It’s easy to rattle off characteristics of a bad manager, but pinpointing the attributes of an effective, respected supervisor is a bit tricky.
In fact, the first time you have direct reports, you will likely ask yourself this question: How can I tell if my employees like me?
It can be hard to tell, because whether or not your employees are big fans of yours, they will probably pretend to like you (or be civil, at the very least).
One way you might know that your employees like you is if they come to you for advice. I mean, when was the last time you sought counsel from someone you didn’t respect? Probably never.
But how can you cultivate that kind of relationship with your employees? Here are a few tips:
Show interest in your employees’ work lives.
If one of your employees comes to you seeking advice about a work project, career questions, or more, take that as a sign that they value your opinion. Asking your boss for advice isn’t always easy, so make sure you don’t squander the opportunity to help. Remember to follow up with your employee later to see how the project or opportunity worked out.
Show interest in your employees’ lives outside of work.
If you’re all business, all the time, with your employees, it can be hard for them to relax around you and connect on a human level.
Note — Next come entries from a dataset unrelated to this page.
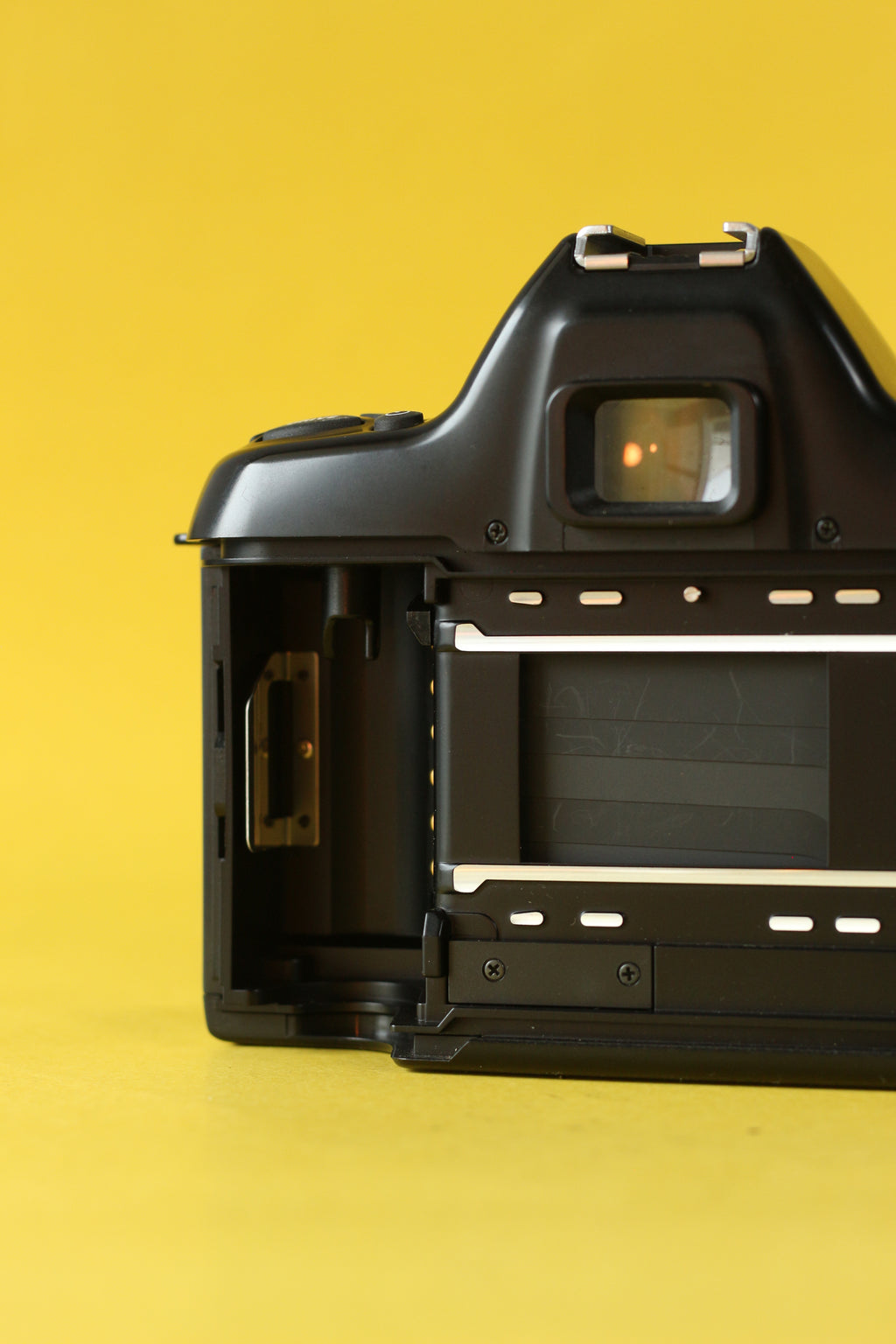 Nikon F-601M + Nikkor AF 35–80mm D Zoom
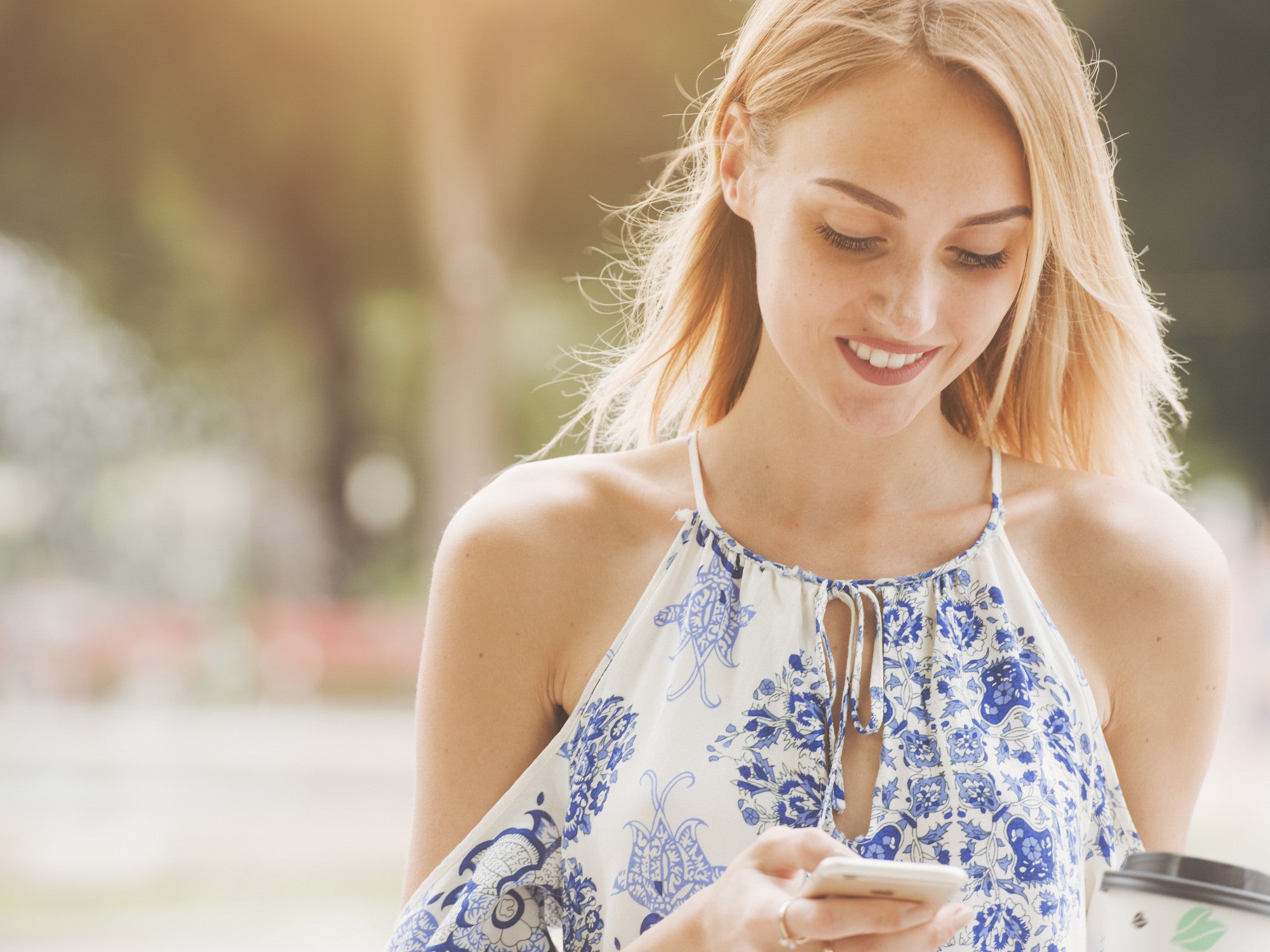 Frau nutzt ein Smartphone.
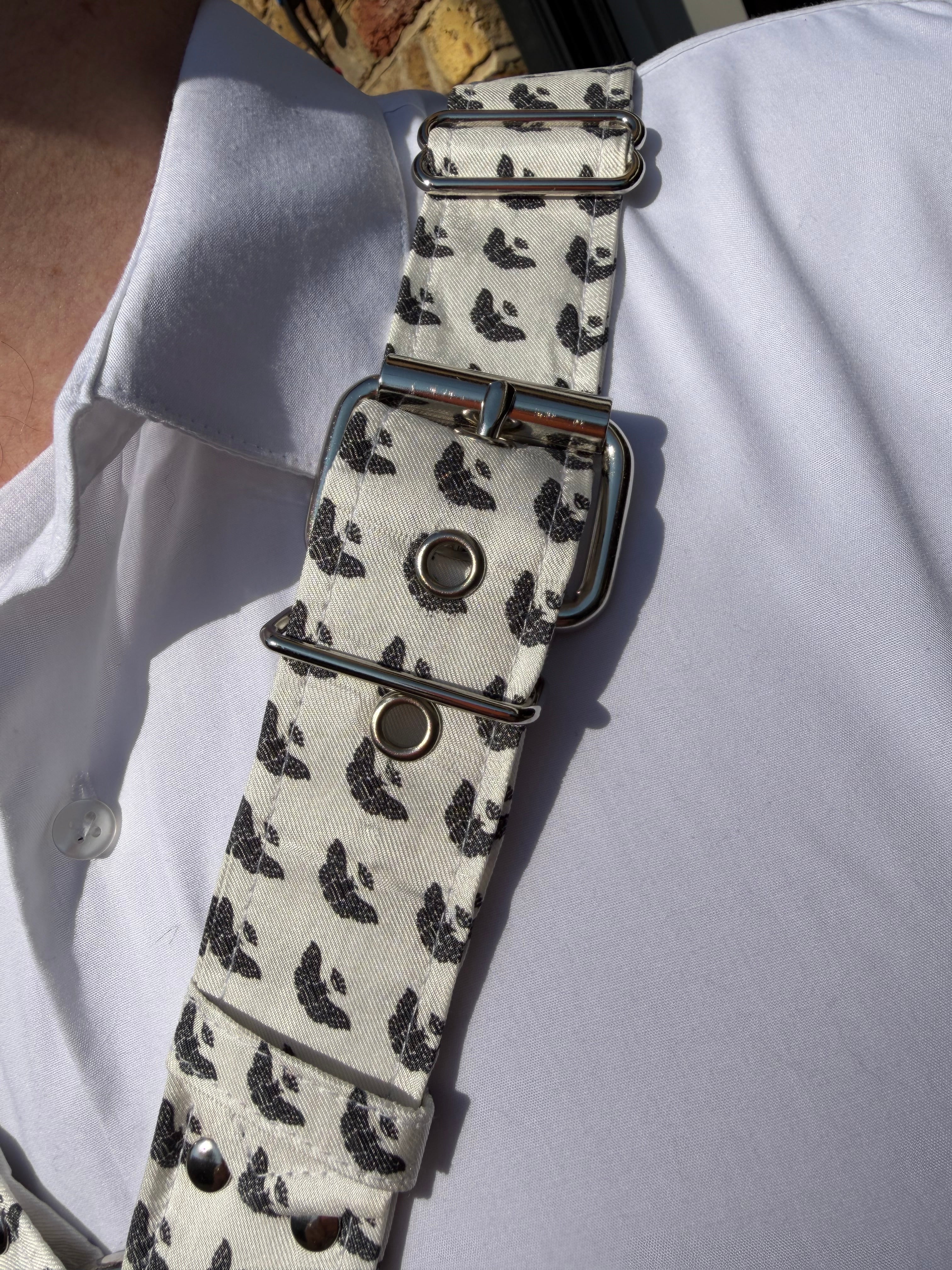X Harness — White Queen Bee Silk (Tie Cloth)
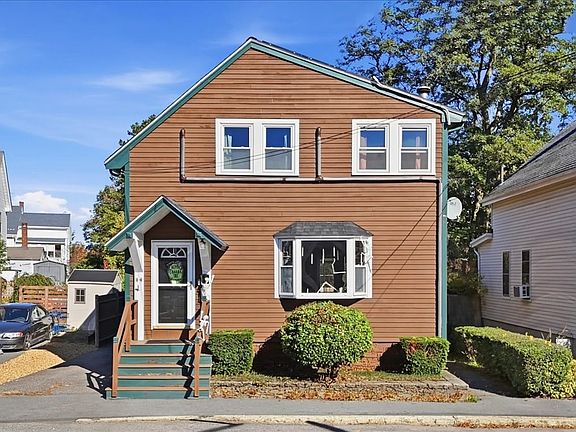2nd image of 44 Balcomb St
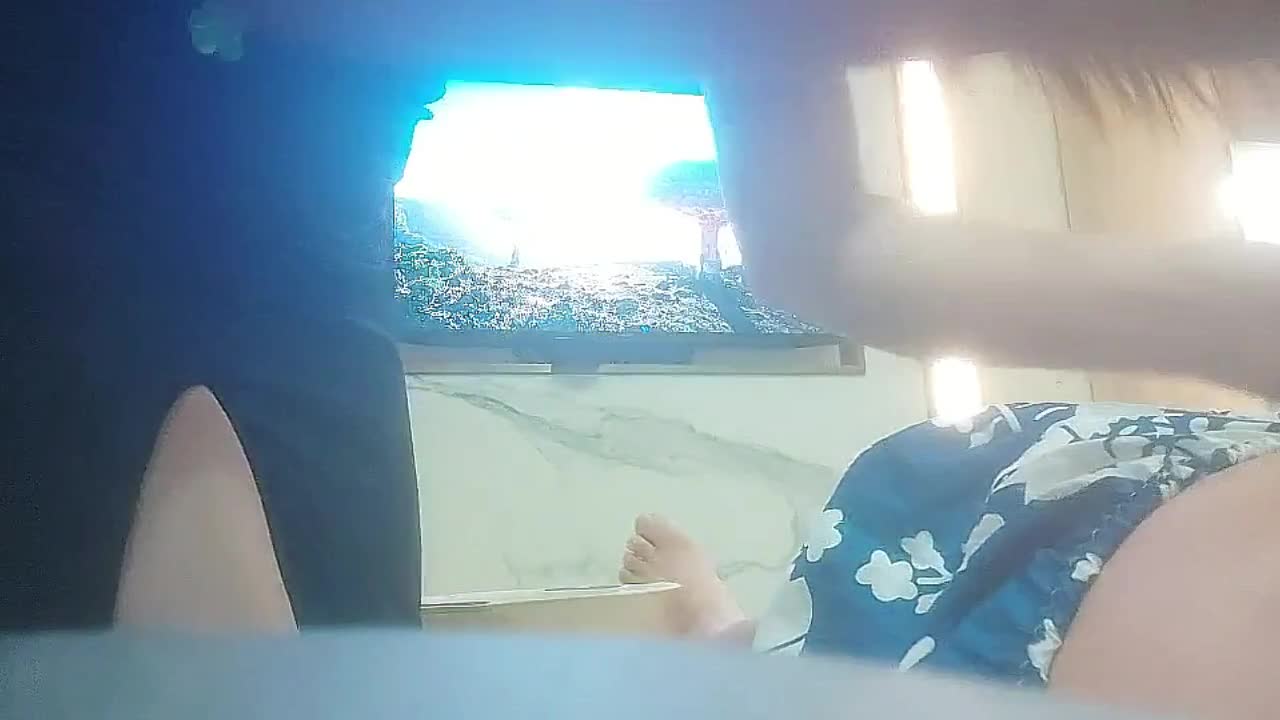 yy8ycom 【搞沐足女技师】大长腿足疗少妇，服务周到骑在身上按摩，撩起裙子摸摸搞搞，拨开内裤用JB磨蹭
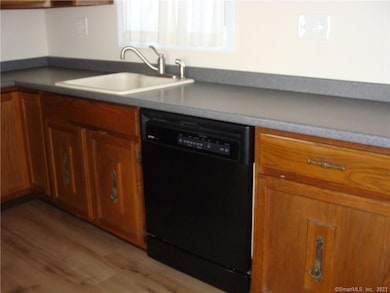 30 Thistle Down Ln, Naugatuck, CT 06770 - photo 7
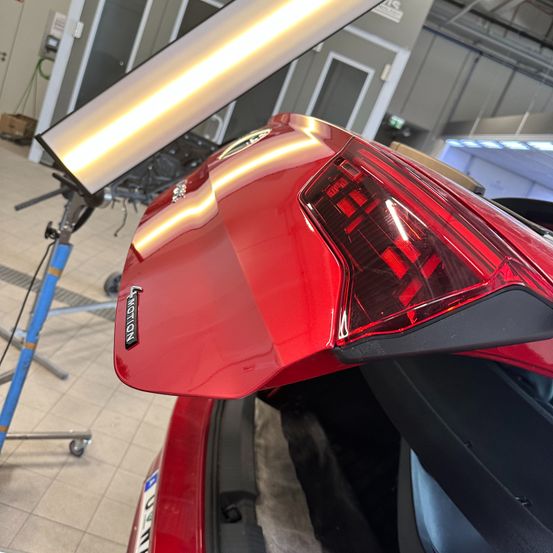 Bild enthält, Alloy Wheel, Car, Spoke, Tire, Vehicle, Wheel, Box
A Gallup poll found that employees whose managers communicate with them — not just about their jobs about also about their personal lives — are more likely to be engaged in their work.
Of course, this doesn’t mean that you should get too personal (stay away from questions about love lives and the like), but learning more about your employees’ interests and ambitions shows them you care and helps strengthen your relationship.
Don’t watch the clock.
Unless your employees work on a shift-based schedule, don’t be that boss with an eye trained on the clock. Not only is it bad for morale, but it’s also a pretty old-fashioned way of looking at the work day.
Being in the office for an arbitrary number of hours doesn’t mean that employees are doing their jobs any better. Rather, when you show some flexibility with employees’ schedules, you’re showing them you value their work and trust them to do their jobs.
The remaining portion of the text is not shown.